On the road to the European Union (EU) accession, the government of North Macedonia made infrastructure a priority for achieving economic growth. Committing more than 1 billion euros to over 20 transport infrastructure projects alone (2014-19),the government backed the projects' funding by extending sovereign guarantees to state-owned enterprises (SOEs), subnational entities, and public companies.
"The government-guarantee portfolio of North Macedonia is at 8.8% of GDP, still at relatively comfortable levels" said Dejan Nikolovski, Head of the International Finance and Public Debt Management Department (IFPDMD) in Ministry of Finance of North Macedonia. "But with many infrastructure projects on the horizon, we thought it was essential to assess the fiscal risks that might arise from issuing sovereign guarantees."
Collaboration with the World Bank on managing fiscal risks
The authorities, specifically the IFPDMD, as a part of their quest to shape and maintain a state-of the-art organization, had already issued an improved debt management strategy. The strategy called for cost/risk indicators, including financing/rollover risks, foreign-currency risks, and interest-rate risks. However, the credit-risk assessment stemming from government guarantees and on-lending practices remained unaddressed by any legislation.
The Parliament of North Macedonia needed to amend the Public Debt Management Law to mandate the credit-risk assessment of the beneficiary of the government guarantee, such as an SOE, a subnational, or a public company. Furthermore, the IFPDMD was interested in strengthening transparency around public debt management, starting with a broader definition of public debt and improved debt-reporting practices.
Given the size of the IFPDMD, a team of 10 practitioners, a quick and pragmatic approach was necessary. The IFPDMD opted to include the work of amending the public debt management law under the activities to be carried out by the Government Debt and Risk Management (GDRM) program, a World Bank initiative sponsored by the Swiss State Secretariat for Economic Affairs (SECO).
Tailoring international sound practice for North Macedonia
"We started with reviewing the current Public Debt Management Law and identified the gaps relative to international sound practice," said Rodrigo Cabral, Senior Debt Specialist, Macroeconomics, Trade & Investment at the World Bank, and GDRM Program Manager.
In Fall 2018, the GDRM program team and IFPDMD worked on a technical note that singled out the potential areas of reform, with specific emphasis on EU requirements.
After deliberating the importance and feasibility of each area for North Macedonia, they agreed on recommended changes to the primary legislation: (i) a new definition of "debt" and policy provisions, (ii) changes to debt management objectives, (iii) strengthening management practices for government on-lending and guarantee operations, and (iv)measures for increased transparency.
But developing a technical solution on paper was not enough. The IFPDMD also needed to secure the support of the other government organizations affected by this law.
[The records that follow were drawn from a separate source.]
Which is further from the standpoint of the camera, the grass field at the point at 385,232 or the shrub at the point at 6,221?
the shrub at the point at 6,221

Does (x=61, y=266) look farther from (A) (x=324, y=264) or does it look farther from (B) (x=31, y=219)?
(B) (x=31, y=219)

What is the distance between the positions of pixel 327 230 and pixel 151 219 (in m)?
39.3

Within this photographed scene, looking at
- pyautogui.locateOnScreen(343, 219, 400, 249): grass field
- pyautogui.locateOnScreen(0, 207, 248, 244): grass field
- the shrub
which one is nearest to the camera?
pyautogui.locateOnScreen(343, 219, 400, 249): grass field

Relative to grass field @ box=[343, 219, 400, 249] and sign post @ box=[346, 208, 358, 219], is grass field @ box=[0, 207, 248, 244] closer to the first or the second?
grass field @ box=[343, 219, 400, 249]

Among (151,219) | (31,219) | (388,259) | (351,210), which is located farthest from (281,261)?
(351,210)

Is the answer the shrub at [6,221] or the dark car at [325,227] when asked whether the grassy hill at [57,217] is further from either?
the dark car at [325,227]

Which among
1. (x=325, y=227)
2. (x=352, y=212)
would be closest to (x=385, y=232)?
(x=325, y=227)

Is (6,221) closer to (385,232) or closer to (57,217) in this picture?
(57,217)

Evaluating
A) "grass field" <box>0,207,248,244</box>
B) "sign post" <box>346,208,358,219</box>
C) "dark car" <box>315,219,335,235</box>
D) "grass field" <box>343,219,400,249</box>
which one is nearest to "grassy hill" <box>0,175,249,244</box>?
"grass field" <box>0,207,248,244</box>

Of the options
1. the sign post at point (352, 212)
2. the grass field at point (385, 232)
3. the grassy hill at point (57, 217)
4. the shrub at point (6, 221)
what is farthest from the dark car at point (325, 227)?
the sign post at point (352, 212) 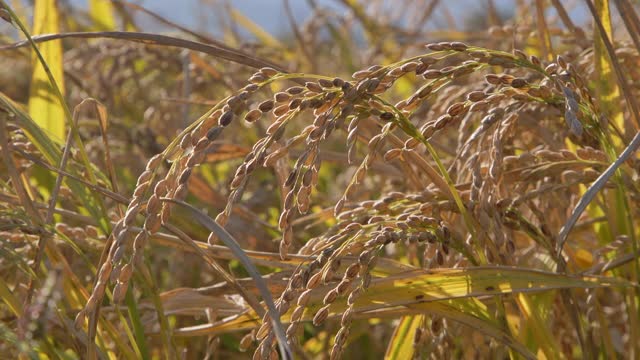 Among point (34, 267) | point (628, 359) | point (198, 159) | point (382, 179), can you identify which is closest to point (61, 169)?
point (34, 267)

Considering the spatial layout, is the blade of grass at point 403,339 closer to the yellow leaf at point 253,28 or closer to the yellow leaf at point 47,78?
the yellow leaf at point 47,78

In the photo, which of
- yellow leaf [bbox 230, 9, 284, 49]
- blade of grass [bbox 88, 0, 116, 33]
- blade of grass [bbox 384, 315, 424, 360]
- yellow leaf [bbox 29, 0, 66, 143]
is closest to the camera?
blade of grass [bbox 384, 315, 424, 360]

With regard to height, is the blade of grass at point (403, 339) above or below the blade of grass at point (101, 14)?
below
Securing the buy-in of stakeholders affected by the new law
"The process started with a small roundtable with all the stakeholders affected by the Public Debt Management Law,” said Ana Todorovska, the Head of the Front Office at IFPDMD. “We invited various departments, such as the budget department, the treasury department, the debt management department, and other institutions such as the state audit office and the National Bank of North Macedonia. And we discussed the main challenges the IFPDMD was going to face during the implementation phase of the new law, as well as the opportunities emerging from the changes. "After a full day of discussions, the IFPDMD obtained the necessary input to draft legislation and gain approval from the primary stakeholders.
Translating primary legislation to an implementation rulebook
In May 2019, With this primary legislation in place, the IFPDMD now had to design bylaws outlining the credit risk assessment procedures: a Rulebook describing the exact steps and manner each public debt issuer would follow to analyze and report the credit risk.
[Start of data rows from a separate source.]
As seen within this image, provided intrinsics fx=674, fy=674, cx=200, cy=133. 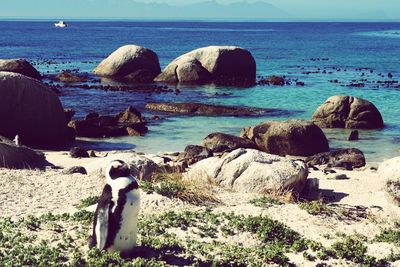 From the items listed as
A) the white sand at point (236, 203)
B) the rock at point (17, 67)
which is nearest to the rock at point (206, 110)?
the rock at point (17, 67)

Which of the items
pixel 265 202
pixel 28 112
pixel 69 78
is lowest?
pixel 69 78

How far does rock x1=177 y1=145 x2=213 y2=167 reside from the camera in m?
17.0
After reviewing international sound practices with a view to what was feasible for North Macedonia, the IFPDMD decided to adopt another pragmatic solution for assessing credit-worthiness of public enterprises, public companies and other public debt issuers: financial indicator analysis. They followed the example of credit rating agencies, while limiting the analysis to financial ratios: profitability, liquidity, and solvency indicators.
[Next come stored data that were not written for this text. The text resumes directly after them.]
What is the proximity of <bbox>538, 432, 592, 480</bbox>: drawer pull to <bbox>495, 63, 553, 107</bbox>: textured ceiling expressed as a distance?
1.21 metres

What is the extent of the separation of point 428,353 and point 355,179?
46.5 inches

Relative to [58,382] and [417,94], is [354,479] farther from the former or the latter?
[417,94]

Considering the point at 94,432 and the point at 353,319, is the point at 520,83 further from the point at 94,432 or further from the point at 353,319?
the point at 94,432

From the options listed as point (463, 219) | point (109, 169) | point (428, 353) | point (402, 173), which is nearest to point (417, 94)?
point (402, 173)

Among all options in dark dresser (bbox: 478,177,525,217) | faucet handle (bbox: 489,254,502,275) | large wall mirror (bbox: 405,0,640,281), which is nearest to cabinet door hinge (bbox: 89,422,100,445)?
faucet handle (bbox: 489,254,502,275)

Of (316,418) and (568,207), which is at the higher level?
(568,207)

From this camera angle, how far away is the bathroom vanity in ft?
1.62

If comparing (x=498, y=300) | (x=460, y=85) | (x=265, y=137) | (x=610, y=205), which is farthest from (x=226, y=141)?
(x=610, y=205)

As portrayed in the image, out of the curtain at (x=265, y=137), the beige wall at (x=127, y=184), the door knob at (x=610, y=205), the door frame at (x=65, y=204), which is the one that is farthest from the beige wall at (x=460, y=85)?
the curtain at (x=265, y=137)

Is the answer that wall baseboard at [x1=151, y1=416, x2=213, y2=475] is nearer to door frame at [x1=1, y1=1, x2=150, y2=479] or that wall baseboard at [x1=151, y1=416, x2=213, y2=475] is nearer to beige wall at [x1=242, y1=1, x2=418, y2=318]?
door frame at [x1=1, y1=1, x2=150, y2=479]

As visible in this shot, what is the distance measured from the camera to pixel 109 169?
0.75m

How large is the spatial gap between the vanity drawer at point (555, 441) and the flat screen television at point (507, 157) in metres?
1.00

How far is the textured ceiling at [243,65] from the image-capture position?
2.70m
In August 2020, North Macedonia passed the "Rulebook on the Manner of Performing Analysis of Data Submitted by the Public Debt Issuer, the Application and the Valuation of Financial Ratios," ensuring the guarantees are treated with the same scrutiny as other budget expenses.
What are the implications of the new Rulebook for the people of North Macedonia?
Under the new Rulebook, with risk categories calculated for each applicant, and guarantees granted only to safer beneficiaries, the process for guarantee eligibility will be more transparent. The government may still decide to grant a guarantee to a higher-risk beneficiary under particular circumstances. However, it will be openly accountable for risks that materialize. The government will also be responsible for staying within the allocated budget and not using guarantees for beneficiaries that need recapitalization.
As have been witnessed in a large number of countries amid the COVID-19 crisis, growth in North Macedonia has decreased as has government revenues, while expenditures have increased. In this context, fiscal-risk assessment and mitigation is critical.